[This was originally posted on the Covenant Presbyterian Church, Nashville blog on 18 November 2011]
Sometimes our form of worship can be hard to understand and follow. I was reminded of this again recently when I sat next to a woman visiting for the baptism of her friend’s little boy. She often seemed caught off guard that we were all standing up, then noticed too late that we were all opening our hymnals, to which page she wasn’t sure. Throughout the service I ended up handing her my hymnal and opening another. The problem was not with our worship,, but simply that it was new to her.
The form of our worship may not be new to you, but do you understand what we are doing and why it matters? Last time we discussed the format of the service. It is a conversation between God and us, His people. The conversation consists of his declaration of the gospel to us and our songs and prayers and confessions in joyful response. In this post I want to turn our attention to the fact that worship requires our participation.
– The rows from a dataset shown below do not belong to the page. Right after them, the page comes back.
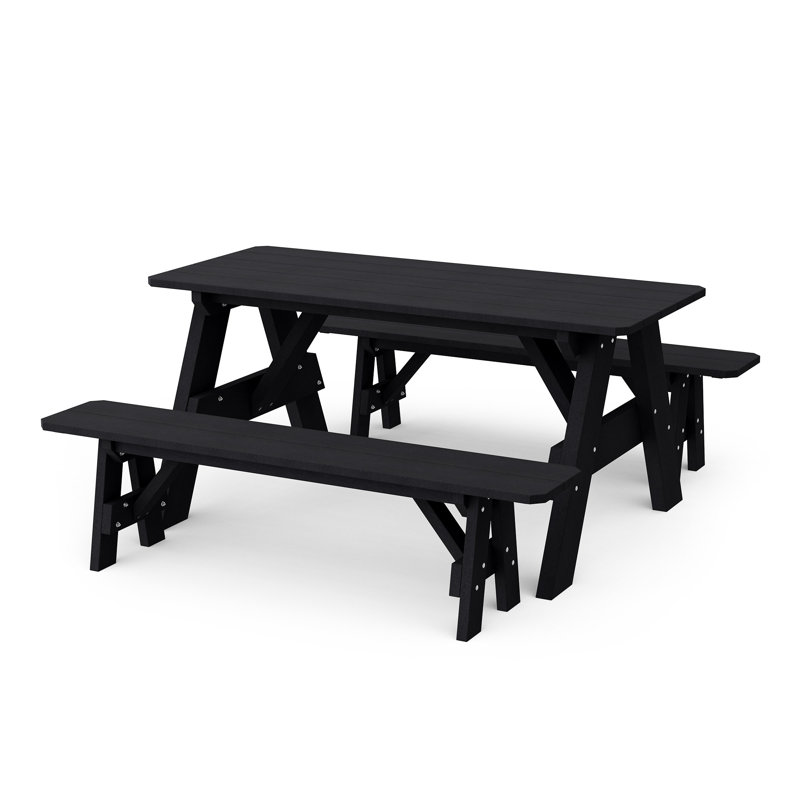 Heritage 72" Picnic Table With Detached Benches, Black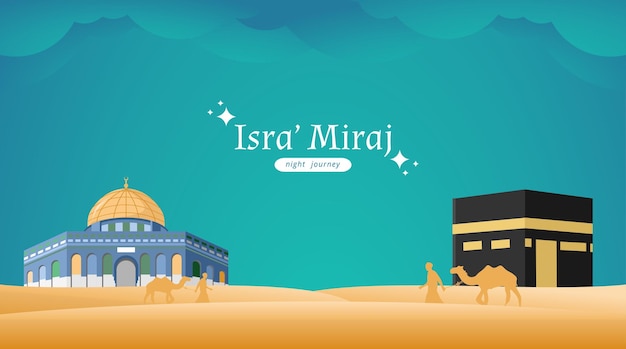 Isra miraj the night journey islamic banner design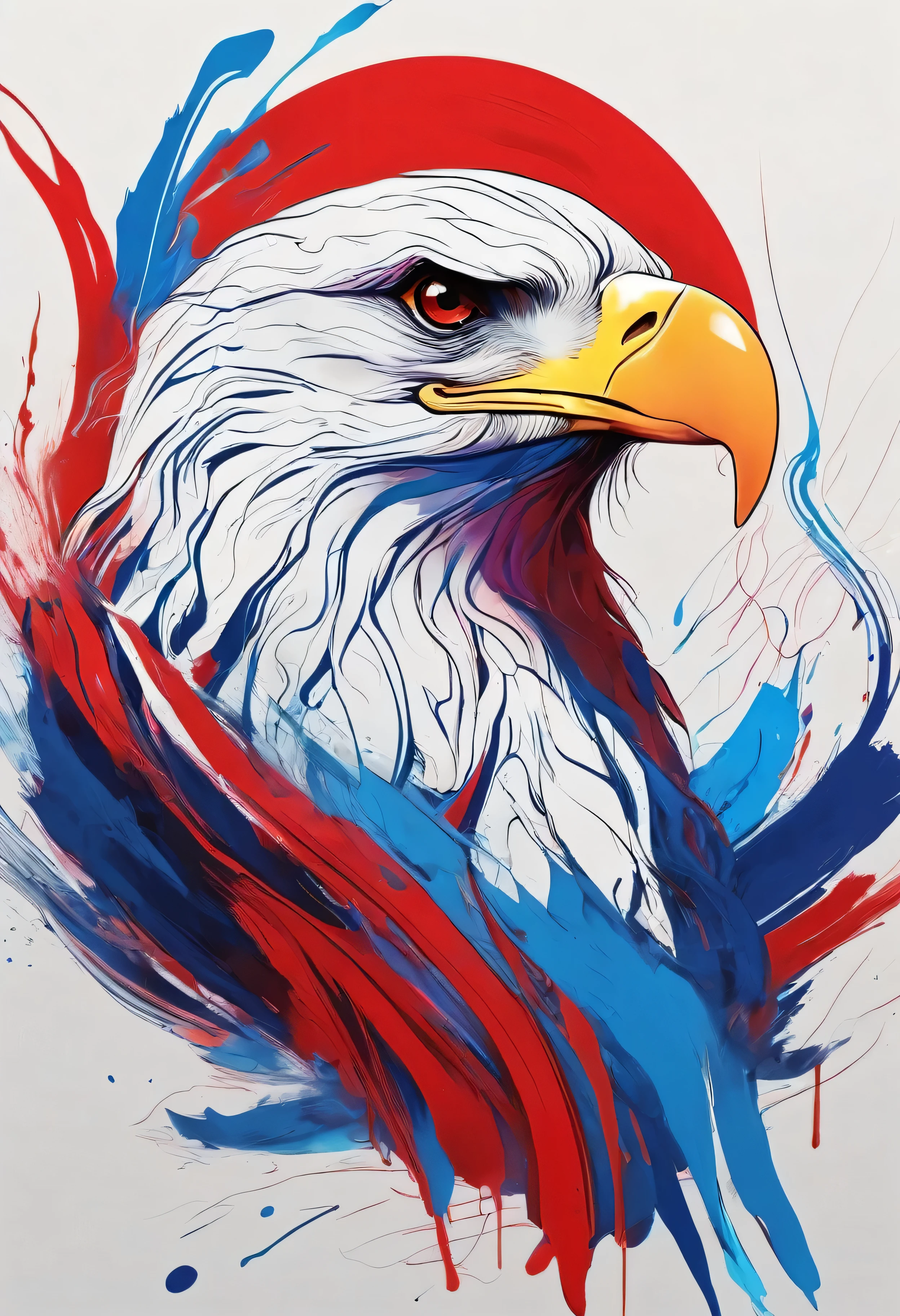 abstract painting，A eagle avatar，Red Blue，line art，Minimalism，illustration，8K resolution，HD，soft light，best picture quality，high-definition，high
This may seem obvious. After all, it’s called “worship”, which is ours to do. However, there is more to it than simply going through the motions. Here are three ways that we participate meaningfully.
With Our Voices
Throughout the service there are plenty of spoken parts for the congregation. We sing, confess sin, read responsively, recite creeds and even pray as we recite the Lord’s Prayer corporately. It’s important that we all participate in this: men, women, and children. All our voices should be lifted up. These elements are nothing less than a declaration of praise to our God! And because we are not gnostics – that is, we believe that God has created us body and soul and is redeeming us body and soul – we worship with both body and soul. This is why posture matters in worship: standing, sitting, kneeling, hands held out to receive the benediction. This is why worship appeals to all five senses – especially during the Supper when smell and taste and touch are included. In this same way, engaging in the worship of our God through the lifting up of our voices matters. And even more so, since it is by our voices that the Word of God goes forth.
With Our Minds
Even as we speak we are to be engaged thoughtfully. Do you ever think carefully about the words of the hymns we sing and what they mean? Do you ever listen to the amazing gospel as it is declared in the Apostles’ Creed? Does it ever humble you profoundly when you open your mouth and address the Creator and Judge of all things as “Our Father”? But it is not merely when we speak that we are to be thoughtfully engaged. It is true even when we listen. Does the pronunciation of the assurance of pardon ever give you great relief? Are you actively listening during the sermon to hear the indicatives of the gospel and the imperatives of the kingdom so that the Spirit may apply them to your heart? If you come into worship prepared, both conscious of your sin and your need of a Savior, and ready to be reminded that Christ is the salvation of God, then you will find yourself weeping for joy and relief.
With Our Hearts
And it is when we experience the shame of our sin and the thrills, and relief, and joy of the gospel, moved to shout and to sing ever louder and, yes, even to weep, that our worship moves from the ear, through the mind, to the heart. True worship is emotional. It does not start with emotion, as if emotion was the point of worship. And it is not a contrived emotion, caused by a direct appeal to the heart which bypasses the mind. It is the effect of the gospel rightly understood and experienced. And this emotion properly sourced in the knowledge of God elevates our worship to even greater heights, as we cannot help but shout for joy to the Lord.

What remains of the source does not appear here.